*Material to process*
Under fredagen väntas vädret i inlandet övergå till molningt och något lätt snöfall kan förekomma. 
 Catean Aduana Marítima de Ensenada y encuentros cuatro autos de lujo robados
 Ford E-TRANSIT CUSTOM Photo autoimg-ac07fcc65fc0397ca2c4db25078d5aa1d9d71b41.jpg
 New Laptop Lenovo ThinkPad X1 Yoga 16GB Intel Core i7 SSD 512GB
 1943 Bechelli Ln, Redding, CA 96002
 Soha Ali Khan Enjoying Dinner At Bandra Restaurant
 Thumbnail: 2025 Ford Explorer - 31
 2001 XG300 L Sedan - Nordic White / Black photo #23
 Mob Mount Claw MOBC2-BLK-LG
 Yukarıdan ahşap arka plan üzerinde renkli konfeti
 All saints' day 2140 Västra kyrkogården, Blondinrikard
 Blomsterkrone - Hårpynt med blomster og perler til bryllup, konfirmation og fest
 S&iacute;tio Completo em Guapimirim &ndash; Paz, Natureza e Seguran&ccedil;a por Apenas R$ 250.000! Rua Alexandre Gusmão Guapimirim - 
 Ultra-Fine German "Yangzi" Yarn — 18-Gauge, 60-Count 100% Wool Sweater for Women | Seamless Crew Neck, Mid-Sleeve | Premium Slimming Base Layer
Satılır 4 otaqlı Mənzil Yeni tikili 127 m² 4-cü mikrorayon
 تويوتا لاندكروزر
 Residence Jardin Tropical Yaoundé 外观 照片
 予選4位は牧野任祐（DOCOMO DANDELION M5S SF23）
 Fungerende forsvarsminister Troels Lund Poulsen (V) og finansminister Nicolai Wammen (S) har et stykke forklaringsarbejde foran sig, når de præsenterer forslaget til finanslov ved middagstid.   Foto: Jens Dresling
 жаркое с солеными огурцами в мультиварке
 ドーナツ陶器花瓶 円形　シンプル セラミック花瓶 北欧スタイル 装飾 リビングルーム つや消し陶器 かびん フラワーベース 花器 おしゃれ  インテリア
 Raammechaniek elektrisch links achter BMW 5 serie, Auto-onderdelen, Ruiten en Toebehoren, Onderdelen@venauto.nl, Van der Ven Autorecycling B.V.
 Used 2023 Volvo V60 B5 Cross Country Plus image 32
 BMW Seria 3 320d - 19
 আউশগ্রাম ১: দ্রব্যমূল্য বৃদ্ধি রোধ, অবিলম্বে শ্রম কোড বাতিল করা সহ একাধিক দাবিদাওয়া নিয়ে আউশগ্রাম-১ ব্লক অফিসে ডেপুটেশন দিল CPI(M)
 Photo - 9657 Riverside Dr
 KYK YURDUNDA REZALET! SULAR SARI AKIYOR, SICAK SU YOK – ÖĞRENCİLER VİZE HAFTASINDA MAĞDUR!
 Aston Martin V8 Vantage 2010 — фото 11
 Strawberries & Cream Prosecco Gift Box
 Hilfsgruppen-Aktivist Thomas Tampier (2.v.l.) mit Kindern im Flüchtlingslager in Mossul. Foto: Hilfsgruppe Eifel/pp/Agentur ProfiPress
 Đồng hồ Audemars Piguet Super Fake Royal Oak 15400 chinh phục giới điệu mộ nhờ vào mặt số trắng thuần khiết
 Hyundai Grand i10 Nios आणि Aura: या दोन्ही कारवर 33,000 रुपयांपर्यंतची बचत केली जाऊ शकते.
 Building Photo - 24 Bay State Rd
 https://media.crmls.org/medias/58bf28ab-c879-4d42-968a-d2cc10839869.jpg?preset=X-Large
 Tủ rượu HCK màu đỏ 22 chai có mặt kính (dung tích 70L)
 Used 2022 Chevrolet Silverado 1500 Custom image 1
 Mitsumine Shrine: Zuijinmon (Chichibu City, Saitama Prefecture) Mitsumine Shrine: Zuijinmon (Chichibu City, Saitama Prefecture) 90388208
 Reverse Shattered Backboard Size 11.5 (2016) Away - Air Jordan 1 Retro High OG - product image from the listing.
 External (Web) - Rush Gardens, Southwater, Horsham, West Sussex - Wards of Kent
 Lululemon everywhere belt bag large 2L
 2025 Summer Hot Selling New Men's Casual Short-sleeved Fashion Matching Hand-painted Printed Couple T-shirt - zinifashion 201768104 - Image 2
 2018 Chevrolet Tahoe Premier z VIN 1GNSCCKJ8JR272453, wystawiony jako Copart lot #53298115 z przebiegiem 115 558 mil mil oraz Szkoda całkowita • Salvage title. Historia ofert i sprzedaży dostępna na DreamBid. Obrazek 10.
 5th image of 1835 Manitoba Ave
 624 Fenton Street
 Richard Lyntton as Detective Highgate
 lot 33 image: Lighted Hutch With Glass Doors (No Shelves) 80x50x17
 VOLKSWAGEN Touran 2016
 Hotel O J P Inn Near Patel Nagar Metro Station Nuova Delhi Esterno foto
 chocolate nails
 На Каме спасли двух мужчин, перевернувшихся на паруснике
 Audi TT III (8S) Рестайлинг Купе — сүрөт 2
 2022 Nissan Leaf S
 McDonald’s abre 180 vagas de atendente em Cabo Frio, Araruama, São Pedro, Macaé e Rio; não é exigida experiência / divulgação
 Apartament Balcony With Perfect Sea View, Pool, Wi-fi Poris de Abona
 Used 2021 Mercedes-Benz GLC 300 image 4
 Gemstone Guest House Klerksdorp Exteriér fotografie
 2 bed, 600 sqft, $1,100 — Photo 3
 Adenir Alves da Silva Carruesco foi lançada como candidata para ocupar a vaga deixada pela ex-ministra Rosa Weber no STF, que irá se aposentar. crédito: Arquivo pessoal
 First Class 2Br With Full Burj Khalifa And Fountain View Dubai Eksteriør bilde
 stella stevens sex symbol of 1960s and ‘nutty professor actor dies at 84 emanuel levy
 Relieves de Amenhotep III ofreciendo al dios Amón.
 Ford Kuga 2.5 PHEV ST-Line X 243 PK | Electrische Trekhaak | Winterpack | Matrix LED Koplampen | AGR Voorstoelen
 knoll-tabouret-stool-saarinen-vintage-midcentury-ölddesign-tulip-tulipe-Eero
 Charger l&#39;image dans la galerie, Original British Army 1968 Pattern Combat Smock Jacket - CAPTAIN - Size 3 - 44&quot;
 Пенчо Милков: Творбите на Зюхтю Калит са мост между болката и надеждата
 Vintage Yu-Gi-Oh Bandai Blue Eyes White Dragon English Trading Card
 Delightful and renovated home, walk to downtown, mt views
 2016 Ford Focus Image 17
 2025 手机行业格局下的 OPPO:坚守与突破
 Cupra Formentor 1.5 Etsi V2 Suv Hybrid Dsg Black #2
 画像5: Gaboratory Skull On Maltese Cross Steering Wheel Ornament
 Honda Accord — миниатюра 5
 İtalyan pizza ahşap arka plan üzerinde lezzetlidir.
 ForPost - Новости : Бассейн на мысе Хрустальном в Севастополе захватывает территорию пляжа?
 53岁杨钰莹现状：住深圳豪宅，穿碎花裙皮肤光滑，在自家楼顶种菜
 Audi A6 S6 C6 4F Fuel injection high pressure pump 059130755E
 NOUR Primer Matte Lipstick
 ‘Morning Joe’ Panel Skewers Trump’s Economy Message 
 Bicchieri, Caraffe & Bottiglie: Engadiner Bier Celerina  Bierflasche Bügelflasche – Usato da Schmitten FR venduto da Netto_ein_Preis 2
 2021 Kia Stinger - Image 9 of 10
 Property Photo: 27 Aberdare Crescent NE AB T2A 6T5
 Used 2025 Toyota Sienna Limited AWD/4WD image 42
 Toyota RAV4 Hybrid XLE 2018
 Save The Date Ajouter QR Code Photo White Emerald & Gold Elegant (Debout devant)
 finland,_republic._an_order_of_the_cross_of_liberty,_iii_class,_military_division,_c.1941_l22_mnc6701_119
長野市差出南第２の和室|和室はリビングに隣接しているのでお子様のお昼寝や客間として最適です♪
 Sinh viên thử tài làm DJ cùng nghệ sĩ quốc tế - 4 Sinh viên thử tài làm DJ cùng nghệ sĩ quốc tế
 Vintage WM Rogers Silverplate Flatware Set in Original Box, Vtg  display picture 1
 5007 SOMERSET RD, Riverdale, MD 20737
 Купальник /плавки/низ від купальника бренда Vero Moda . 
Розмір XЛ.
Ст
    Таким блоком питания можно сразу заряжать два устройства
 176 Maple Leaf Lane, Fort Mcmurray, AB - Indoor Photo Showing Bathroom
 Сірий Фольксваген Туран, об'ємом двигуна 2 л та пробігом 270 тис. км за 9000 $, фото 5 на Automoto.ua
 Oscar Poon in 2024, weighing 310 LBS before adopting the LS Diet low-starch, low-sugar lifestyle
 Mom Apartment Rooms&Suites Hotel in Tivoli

*Exercise prompt*
Copy out, exactly and alone, the lines of the entries above between the ones holding "KYK YURDUNDA REZALET!" and "Tủ rượu HCK", inclusive.

*Expected answer*
 KYK YURDUNDA REZALET! SULAR SARI AKIYOR, SICAK SU YOK – ÖĞRENCİLER VİZE HAFTASINDA MAĞDUR!
 Aston Martin V8 Vantage 2010 — фото 11
 Strawberries & Cream Prosecco Gift Box
 Hilfsgruppen-Aktivist Thomas Tampier (2.v.l.) mit Kindern im Flüchtlingslager in Mossul. Foto: Hilfsgruppe Eifel/pp/Agentur ProfiPress
 Đồng hồ Audemars Piguet Super Fake Royal Oak 15400 chinh phục giới điệu mộ nhờ vào mặt số trắng thuần khiết
 Hyundai Grand i10 Nios आणि Aura: या दोन्ही कारवर 33,000 रुपयांपर्यंतची बचत केली जाऊ शकते.
 Building Photo - 24 Bay State Rd
 https://media.crmls.org/medias/58bf28ab-c879-4d42-968a-d2cc10839869.jpg?preset=X-Large
 Tủ rượu HCK màu đỏ 22 chai có mặt kính (dung tích 70L)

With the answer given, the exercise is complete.